DA TEOLOGIA POLÍTICA À TEOLOGIA ECONÔMICA ENTREVISTA COM GIORGIO AGAMBEN

Em recente congresso sobre Walter Benjamin, realizado em Roma no final de 2003, Giorgio Agamben2 proferiu conferência em que antecipa alguns resultados da sua atual pesquisa sobre “teologia econômica”. Entrevistamo-lo sobre este assunto e sobre as possíveis relações com o tema do presente número da Revista que foi inspirado pela referida conferência. A entrevista realizou-se na casa romana de Agamben, na tarde da segunda-feira, dia 08 de março de 2004.
Giorgio Agamben, o seu último trabalho, Stato di eccezione (Estado de Exceção), publicado há pouco menos de um ano, situa-se dentro do projeto Homo Sacer, sua obra da metade dos anos noventa, que trata dos temas do ‘poder soberano’, ‘vida nua’, ‘campo de concentração como nómos do moderno’. Trabalho complexo que se põe na perspectiva das temáticas e da metodologia de Foucault. Porventura esta sua nova pesquisa sobre a teologia econômica se situa no mesmo horizonte?
– Vejo o meu trabalho sem dúvida próximo daquele de Foucault. Nas minhas duas últimas pesquisas sobre o “estado de exceção” e sobre a “teologia econômica”, procurei aplicar o mesmo método genealógico e paradigmático que praticava Foucault. Por outro lado, Foucault trabalhou em tantos campos, mas os dois que deixou de fora são, exatamente, o direito e a teologia, e me pareceu natural dedicar minhas duas últimas pesquisas precisamente nesta direção.

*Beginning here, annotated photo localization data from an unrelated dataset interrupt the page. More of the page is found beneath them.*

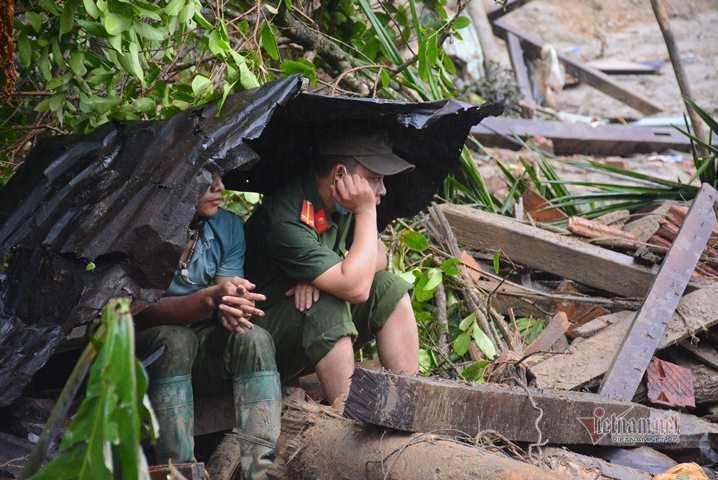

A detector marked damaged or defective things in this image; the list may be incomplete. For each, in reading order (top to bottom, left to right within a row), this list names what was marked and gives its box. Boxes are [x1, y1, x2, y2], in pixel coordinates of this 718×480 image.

broken wooden beam [496, 20, 664, 116]
broken wooden beam [470, 116, 696, 155]
broken wooden beam [438, 202, 660, 296]
broken wooden beam [532, 286, 718, 392]
broken wooden beam [600, 184, 718, 402]
broken wooden beam [272, 398, 564, 480]
broken wooden beam [346, 368, 718, 450]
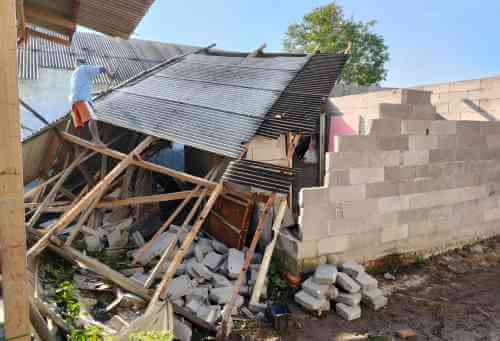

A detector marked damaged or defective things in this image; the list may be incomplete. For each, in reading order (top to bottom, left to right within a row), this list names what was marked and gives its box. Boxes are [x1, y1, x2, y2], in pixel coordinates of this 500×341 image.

rusty metal roofing [92, 52, 306, 158]
broken wooden plank [61, 131, 217, 187]
rusty metal roofing [221, 159, 298, 194]
broken wooden plank [25, 135, 152, 258]
broken concrete block [83, 235, 102, 251]
broken wooden plank [145, 183, 223, 314]
broken concrete block [210, 238, 228, 254]
broken concrete block [165, 274, 194, 298]
broken concrete block [186, 286, 209, 302]
broken concrete block [191, 262, 213, 280]
broken concrete block [196, 304, 220, 322]
broken concrete block [202, 251, 224, 270]
broken concrete block [213, 270, 232, 286]
broken concrete block [228, 248, 245, 278]
broken wooden plank [217, 193, 276, 338]
broken concrete block [294, 290, 330, 310]
broken concrete block [300, 276, 328, 298]
broken concrete block [312, 262, 340, 284]
broken concrete block [336, 270, 360, 292]
broken concrete block [334, 290, 362, 306]
broken concrete block [336, 302, 360, 320]
broken concrete block [340, 258, 364, 278]
broken concrete block [354, 270, 376, 290]
broken concrete block [362, 288, 388, 310]
broken concrete block [175, 318, 192, 341]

– Mas como conseguiu redescobrir este conceito “esquecido” da teologia econômica e quando decidiu torná-lo “paradigmático” para a sua pesquisa?
– O ponto de partida da pesquisa o encontrei nos estudos que estava desenvolvendo nos últimos anos sobre Schmitt e a Teologia política e, em especial quando estava estudando melhor o debate entre Carl Schmitt e Erik Peterson5, que ocorreu mais ou menos entre 1935 e 1970. Trabalhando sobre os mesmos teólogos com que Peterson faz a análise, no seu livro sobre o monoteísmo, com o objetivo de encontrar a origem daquela teologia política que pretende criticar (desde os primeiros apologetas, Justino e Inácio de Antioquia, até sobretudo Tertuliano), me dei conta de que no centro dos seus textos não havia apenas e nem tanto os conceitos de monarquia e de teologia política, que Peterson reconstrói, mas outro conceito: a oikonomía. Um fato curioso é que toda vez em que este conceito aparecia, Peterson interrompia a citação. Relendo tais textos, perguntei-me porque exatamente, nesta reconstrução, tal conceito era removido. Assim, dei-me conta de que o conceito de oikonomía era central nestes autores e procurei fazer a sua genealogia. Imediatamente tornou-se claro que da teologia cristã derivam dois paradigmas políticos em sentido amplo: a teologia política, que baseia a transcendência do poder soberano no único Deus, e a teologia econômica, que substitui tal idéia com uma oikonomía, concebida como uma ordem imanente – doméstica e não política em sentido estrito, tanto da vida divina como da vida humana. Do primeiro paradigma derivam a filosofia política e a teoria moderna da soberania: do segundo, a “biopolítica” moderna, até o atual triunfo da economia sobre qualquer aspecto da vida social. O livro que estou escrevendo nasceu desta descoberta. Procurei reconstruir a origem do conceito teológico de oikonomía e, depois, na segunda parte, seguir o seu desaparecimento e a secularização na modernidade. Parece-me que tal conceito num certo momento desaparece, para voltar com o nascimento da economia animal e da economia política no século XVIII.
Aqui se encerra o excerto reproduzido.